━━ EXERCISE INPUTS
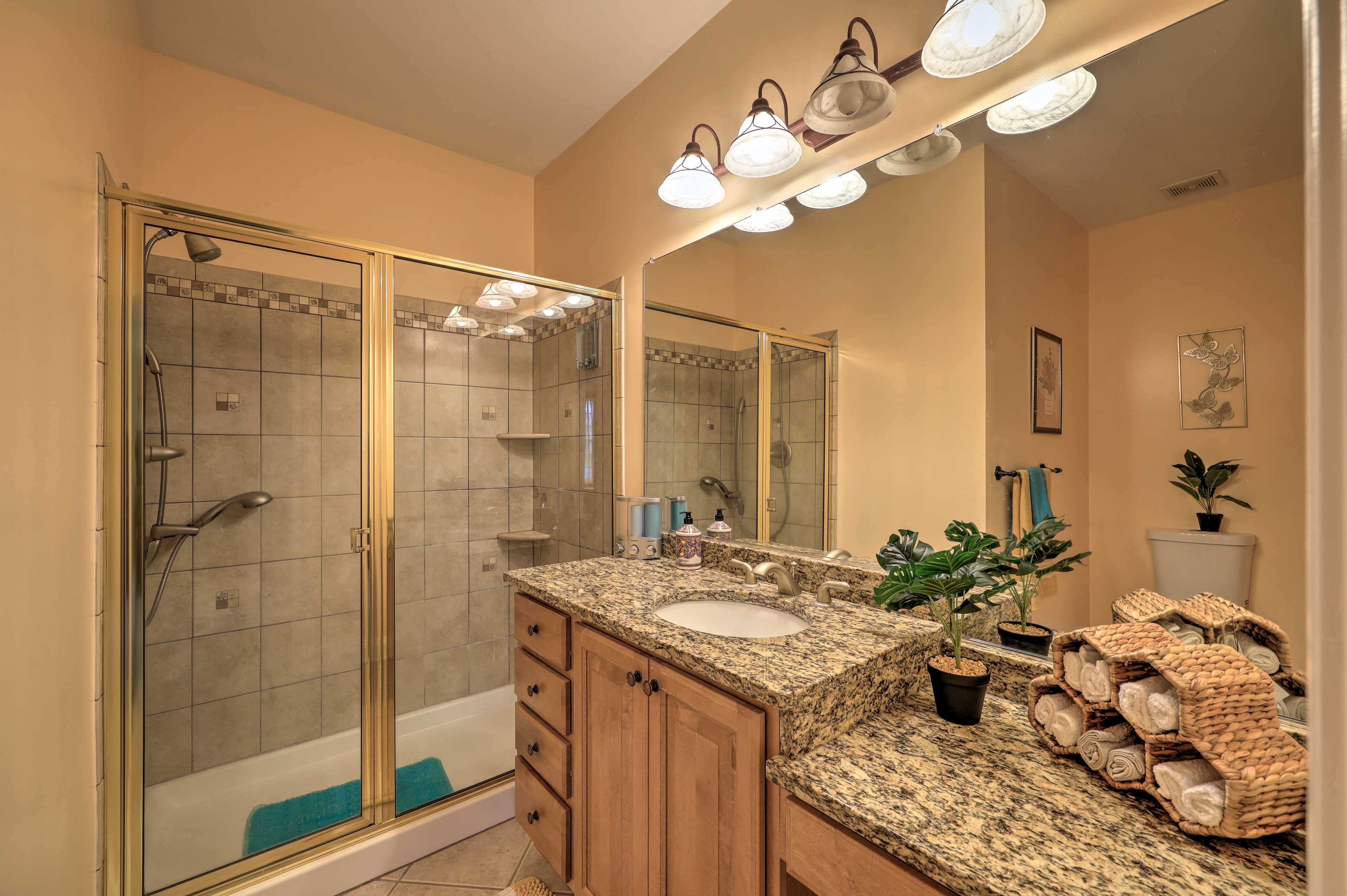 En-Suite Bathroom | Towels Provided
━━━━
━━ EXERCISE INPUTS
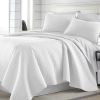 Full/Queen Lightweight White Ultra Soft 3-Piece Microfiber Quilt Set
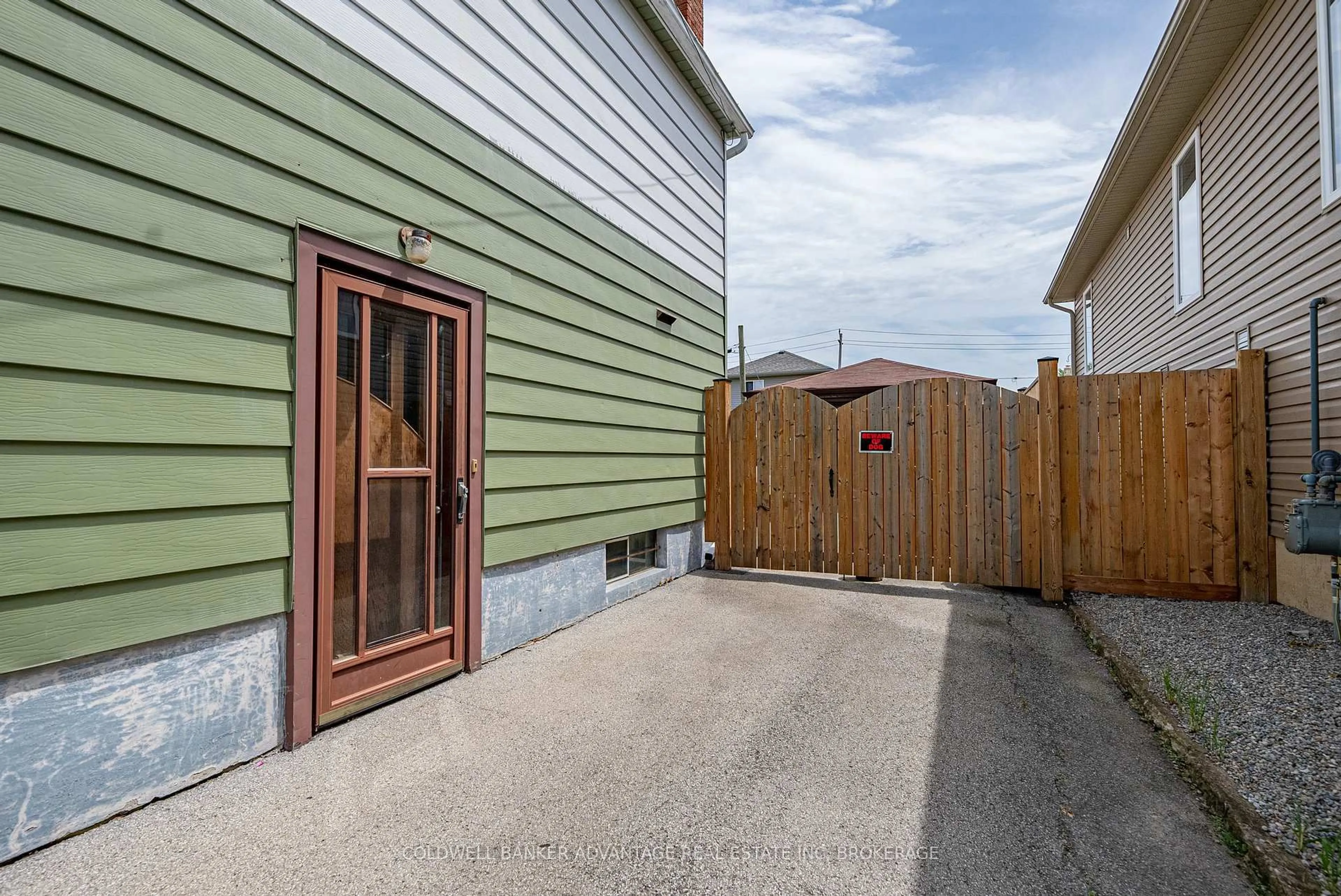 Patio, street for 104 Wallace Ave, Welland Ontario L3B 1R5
━━━━
━━ EXERCISE INPUTS
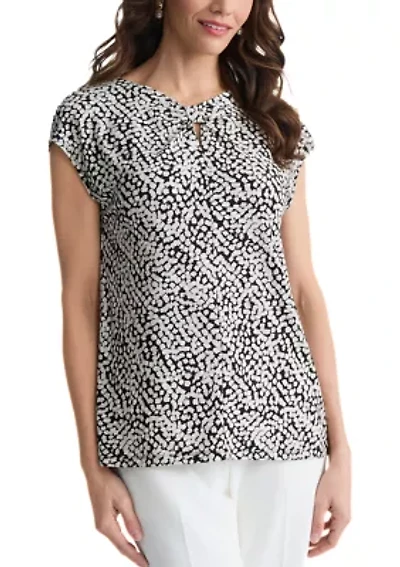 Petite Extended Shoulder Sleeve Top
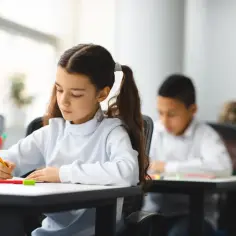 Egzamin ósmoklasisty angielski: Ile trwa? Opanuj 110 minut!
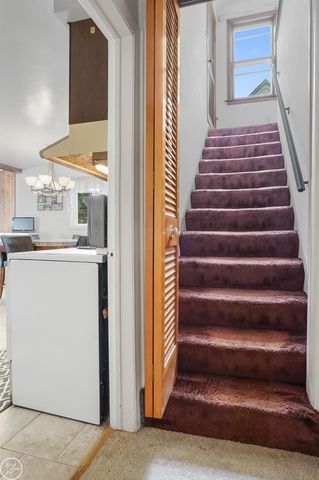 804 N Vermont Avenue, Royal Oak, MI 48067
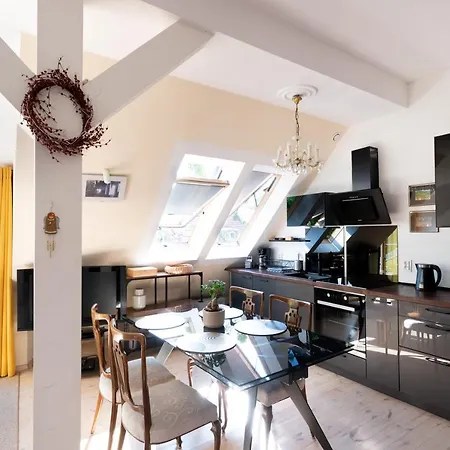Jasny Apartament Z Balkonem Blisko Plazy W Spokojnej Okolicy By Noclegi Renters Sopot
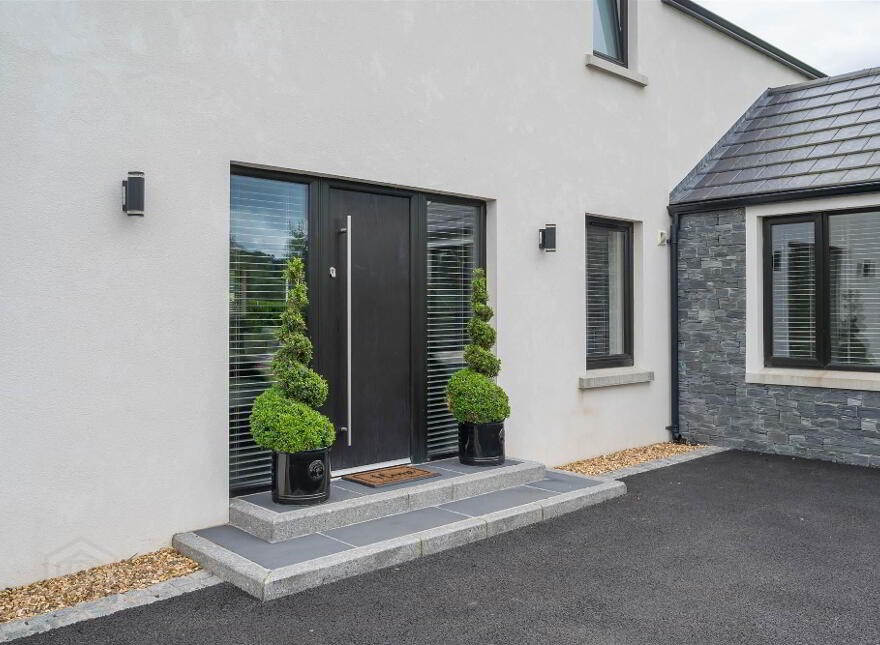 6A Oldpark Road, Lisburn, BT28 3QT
━━━━
» EXERCISE GOAL
Copy word for word the lines of the records above from the one with "Petite Extended Shoulder Sleeve Top" up to and including the one with "6A Oldpark Road, Lisburn, BT28 3QT". Skip the pictures.

» TASK SOLUTION
 Petite Extended Shoulder Sleeve Top
 Egzamin ósmoklasisty angielski: Ile trwa? Opanuj 110 minut!
 804 N Vermont Avenue, Royal Oak, MI 48067
Jasny Apartament Z Balkonem Blisko Plazy W Spokojnej Okolicy By Noclegi Renters Sopot
 6A Oldpark Road, Lisburn, BT28 3QT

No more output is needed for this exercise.